■ Task prompt: After locating the line with "Golden Numerical Candle 5 with Pink Hat" in the data that follows, return it and every later line exactly, up to and including the line with "Beiger Gartenschlauch mit".

■ Short descriptive text snippets:
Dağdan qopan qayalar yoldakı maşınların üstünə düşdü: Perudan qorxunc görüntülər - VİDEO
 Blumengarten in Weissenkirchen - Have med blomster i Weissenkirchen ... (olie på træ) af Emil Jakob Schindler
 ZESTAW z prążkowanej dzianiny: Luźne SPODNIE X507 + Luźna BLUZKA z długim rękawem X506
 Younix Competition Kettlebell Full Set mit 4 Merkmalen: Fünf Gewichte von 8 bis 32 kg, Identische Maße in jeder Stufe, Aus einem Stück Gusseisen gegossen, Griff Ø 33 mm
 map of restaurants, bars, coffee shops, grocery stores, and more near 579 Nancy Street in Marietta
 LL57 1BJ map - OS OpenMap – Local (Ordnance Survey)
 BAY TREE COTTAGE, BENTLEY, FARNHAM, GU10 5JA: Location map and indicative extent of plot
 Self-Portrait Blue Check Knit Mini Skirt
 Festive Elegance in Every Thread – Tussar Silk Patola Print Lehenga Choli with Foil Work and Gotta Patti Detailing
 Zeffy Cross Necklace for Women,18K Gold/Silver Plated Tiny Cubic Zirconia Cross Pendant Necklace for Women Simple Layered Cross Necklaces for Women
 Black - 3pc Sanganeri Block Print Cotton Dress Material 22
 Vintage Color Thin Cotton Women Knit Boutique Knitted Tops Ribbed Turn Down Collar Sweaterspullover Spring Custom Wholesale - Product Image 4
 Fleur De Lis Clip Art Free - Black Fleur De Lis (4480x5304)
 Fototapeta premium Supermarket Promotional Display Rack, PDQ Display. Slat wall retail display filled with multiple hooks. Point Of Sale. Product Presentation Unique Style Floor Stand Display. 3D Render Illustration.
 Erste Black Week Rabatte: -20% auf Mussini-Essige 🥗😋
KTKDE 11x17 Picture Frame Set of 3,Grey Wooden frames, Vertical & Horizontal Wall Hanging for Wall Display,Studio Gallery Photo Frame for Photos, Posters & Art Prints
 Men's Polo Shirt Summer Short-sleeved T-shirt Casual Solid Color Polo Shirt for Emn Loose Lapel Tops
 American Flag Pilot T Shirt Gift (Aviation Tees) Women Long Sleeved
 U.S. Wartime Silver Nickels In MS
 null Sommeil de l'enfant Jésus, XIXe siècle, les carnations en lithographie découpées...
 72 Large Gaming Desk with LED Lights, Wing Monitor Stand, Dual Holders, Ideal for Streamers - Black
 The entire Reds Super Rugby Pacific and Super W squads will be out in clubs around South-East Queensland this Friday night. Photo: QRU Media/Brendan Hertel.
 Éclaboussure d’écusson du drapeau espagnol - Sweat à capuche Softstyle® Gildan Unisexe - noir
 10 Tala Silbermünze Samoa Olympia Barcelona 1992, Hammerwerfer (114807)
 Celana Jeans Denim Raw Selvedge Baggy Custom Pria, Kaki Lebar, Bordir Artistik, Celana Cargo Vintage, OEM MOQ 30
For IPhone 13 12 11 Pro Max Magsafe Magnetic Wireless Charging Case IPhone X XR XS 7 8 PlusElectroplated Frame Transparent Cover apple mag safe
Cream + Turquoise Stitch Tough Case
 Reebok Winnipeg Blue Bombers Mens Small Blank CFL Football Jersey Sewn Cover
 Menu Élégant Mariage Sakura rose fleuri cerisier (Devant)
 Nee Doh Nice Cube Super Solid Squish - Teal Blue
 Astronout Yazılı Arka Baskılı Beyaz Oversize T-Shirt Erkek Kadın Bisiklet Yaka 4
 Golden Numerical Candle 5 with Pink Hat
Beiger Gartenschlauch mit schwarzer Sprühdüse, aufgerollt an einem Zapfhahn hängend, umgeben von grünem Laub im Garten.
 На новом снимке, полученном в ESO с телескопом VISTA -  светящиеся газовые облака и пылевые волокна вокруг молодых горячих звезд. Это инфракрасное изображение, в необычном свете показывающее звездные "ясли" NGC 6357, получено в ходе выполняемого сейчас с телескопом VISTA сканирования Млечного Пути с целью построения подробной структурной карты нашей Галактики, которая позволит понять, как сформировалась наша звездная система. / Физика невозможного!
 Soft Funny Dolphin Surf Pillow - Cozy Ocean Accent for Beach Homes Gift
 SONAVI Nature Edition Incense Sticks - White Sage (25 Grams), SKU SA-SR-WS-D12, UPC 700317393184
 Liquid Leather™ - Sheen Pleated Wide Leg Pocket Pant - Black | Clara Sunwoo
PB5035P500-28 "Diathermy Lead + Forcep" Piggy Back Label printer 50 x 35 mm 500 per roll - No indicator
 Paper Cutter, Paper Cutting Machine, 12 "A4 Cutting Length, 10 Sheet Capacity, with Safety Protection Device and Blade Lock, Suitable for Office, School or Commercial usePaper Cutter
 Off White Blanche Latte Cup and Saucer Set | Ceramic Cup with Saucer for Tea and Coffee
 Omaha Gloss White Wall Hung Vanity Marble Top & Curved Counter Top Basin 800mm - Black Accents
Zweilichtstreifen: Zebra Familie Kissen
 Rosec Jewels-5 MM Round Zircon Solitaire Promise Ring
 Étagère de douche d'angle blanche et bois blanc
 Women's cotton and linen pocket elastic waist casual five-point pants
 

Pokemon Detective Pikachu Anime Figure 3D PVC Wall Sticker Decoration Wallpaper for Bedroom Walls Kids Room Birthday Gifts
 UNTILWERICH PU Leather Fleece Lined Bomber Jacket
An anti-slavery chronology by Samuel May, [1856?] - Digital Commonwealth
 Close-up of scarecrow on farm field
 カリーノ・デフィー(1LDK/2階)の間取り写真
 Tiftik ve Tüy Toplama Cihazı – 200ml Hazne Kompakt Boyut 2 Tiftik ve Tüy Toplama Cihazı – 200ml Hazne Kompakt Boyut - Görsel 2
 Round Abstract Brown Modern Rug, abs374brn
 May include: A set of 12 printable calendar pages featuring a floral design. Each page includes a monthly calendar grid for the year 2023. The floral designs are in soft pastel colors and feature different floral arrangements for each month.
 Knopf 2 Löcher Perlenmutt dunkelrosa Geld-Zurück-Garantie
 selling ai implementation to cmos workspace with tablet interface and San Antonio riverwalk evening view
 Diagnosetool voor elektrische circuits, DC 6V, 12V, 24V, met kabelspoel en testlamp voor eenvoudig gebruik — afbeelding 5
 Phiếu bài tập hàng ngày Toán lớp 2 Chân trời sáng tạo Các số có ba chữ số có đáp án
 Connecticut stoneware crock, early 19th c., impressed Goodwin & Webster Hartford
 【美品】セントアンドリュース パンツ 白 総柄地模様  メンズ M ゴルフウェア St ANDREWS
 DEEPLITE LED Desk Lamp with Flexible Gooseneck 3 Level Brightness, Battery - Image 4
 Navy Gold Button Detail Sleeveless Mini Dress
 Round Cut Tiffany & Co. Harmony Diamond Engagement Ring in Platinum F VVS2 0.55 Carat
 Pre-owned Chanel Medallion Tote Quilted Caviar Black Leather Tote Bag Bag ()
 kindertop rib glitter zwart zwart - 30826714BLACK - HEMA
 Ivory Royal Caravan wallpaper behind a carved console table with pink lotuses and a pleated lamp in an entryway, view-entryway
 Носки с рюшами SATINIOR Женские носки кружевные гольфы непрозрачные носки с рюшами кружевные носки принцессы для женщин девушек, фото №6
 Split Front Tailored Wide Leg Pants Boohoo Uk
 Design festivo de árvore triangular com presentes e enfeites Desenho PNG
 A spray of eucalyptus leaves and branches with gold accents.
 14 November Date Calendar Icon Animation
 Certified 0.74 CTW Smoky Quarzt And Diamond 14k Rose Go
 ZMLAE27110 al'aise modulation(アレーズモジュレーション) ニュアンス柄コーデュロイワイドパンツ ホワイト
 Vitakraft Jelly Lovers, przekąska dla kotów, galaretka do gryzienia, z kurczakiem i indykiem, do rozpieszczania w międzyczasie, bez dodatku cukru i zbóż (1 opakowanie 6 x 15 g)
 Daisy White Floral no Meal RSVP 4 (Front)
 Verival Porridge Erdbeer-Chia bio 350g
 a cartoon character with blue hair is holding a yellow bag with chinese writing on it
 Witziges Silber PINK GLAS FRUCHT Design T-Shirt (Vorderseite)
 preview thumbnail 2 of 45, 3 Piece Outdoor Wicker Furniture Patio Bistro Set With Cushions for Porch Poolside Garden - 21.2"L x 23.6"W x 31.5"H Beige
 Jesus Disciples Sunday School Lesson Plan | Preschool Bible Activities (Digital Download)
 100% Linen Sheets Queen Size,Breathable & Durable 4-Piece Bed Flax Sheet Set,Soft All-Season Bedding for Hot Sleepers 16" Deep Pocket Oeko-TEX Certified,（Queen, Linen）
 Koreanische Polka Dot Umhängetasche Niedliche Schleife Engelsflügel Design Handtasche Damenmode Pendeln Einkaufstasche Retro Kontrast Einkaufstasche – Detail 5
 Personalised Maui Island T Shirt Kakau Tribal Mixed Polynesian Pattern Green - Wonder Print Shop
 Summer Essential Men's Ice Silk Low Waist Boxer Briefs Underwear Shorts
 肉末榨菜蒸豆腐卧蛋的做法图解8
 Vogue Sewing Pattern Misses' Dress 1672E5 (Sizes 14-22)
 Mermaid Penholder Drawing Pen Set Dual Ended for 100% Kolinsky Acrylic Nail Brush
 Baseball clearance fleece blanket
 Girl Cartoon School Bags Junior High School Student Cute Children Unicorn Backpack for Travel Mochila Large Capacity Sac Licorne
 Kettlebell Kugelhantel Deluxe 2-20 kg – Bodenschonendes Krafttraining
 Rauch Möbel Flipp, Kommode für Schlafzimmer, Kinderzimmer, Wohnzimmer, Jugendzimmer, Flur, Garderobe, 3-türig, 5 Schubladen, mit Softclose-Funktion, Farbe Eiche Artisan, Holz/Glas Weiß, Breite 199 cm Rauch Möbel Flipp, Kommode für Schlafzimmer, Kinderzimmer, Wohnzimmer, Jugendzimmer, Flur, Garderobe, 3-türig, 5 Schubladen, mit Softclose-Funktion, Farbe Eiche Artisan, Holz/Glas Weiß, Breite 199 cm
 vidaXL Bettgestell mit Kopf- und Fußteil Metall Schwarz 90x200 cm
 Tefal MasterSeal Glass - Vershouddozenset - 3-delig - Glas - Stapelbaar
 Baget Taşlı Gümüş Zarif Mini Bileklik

■ Solution:
 Golden Numerical Candle 5 with Pink Hat
Beiger Gartenschlauch mit schwarzer Sprühdüse, aufgerollt an einem Zapfhahn hängend, umgeben von grünem Laub im Garten.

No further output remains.